Much of this week’s Market surge was likely
due, at least partially, to the Chinese exuberant embrace of monetary
stimulus.
That said, I believe that QEInfinity has, is and will
continue to create distortions in pricing of risk which, in turn, leads to the
mispricing and misallocation of assets.
As such, it is a negative for the efficient growth of the economy.
Nonetheless, on a short term basis, QE,
QEInfinity and NotQE have been and remain Market friendly. Meaning stocks should continue to do well
until the Fed either reverses its policy or investors figure out just how punitive
that policy has been for the economy.
Fed released its latest Monetary Policy
Report which, as you might expect, was dovish in tone.
(4)
current valuations.
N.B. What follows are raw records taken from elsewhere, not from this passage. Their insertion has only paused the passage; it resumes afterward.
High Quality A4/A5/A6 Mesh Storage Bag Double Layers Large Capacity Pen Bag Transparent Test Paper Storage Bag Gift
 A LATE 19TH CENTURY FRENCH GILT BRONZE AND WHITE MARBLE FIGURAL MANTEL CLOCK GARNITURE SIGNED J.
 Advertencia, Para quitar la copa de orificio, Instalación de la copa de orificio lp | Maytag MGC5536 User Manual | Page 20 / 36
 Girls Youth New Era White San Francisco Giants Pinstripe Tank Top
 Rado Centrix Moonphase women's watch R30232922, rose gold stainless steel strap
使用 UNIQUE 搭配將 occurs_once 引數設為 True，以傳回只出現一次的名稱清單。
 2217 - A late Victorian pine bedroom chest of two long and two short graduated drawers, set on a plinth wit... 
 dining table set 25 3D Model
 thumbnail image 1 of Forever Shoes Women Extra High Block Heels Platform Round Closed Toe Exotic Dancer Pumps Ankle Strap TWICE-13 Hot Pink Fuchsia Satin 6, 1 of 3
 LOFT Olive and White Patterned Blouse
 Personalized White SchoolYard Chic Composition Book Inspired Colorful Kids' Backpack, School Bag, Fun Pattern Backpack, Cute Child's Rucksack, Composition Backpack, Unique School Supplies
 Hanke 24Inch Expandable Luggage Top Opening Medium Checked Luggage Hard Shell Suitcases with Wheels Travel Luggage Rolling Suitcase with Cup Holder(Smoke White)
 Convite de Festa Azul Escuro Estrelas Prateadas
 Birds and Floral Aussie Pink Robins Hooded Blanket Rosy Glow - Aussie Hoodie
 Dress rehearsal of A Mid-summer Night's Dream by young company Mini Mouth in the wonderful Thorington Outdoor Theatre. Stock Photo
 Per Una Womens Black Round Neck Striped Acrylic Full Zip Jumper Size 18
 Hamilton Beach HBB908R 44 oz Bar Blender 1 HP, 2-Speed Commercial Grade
I believe that Averages are grossly
overvalued [as determined by my Valuation Model]---which will continue to count
for little as long as the global central banks are pumping liquidity into the
financial system.
The Fed’s view of valuations may be misguided
(must read).
As prices continue to rise, I will be primarily
focused on those stocks that trade into their Sell Half Range or fail to meet
the minimum financial quality criteria for inclusion in our Universes and act
accordingly. Despite the Averages being near all-time highs, there are certain
segments of the economy/Market that have been punished severely (e.g. health
care) with the stocks of the companies serving those industries down
30-70%. I am compiling a list of
potential Buy candidates that can be bought on any correction in the Market;
even a minor one. As you know, I recently
added AbbVie to the Dividend Growth and High Yield Buy Lists and Kroger to the
Dividend Growth Buy List.
Bottom line: a new regulatory environment and
the improvement in our trade regime should have a positive impact on secular
growth and, hence, equity valuations. More
important, a global central bank ‘put’ has returned and, if history is any
guide, it should be a plus for stock prices.
As a reminder, my Portfolio’s cash
position didn’t reach its current level as a result of the Valuation Models
estimate of Fair Value for the Averages.
Rather I apply it to each stock in my Portfolio and when a stock reaches
its Sell Half Range (overvalued), I reduce the size of that holding. That forces me to recognize a portion of the
profit of a successful investment and, just as important, build a reserve to
buy stocks cheaply when the inevitable decline occurs.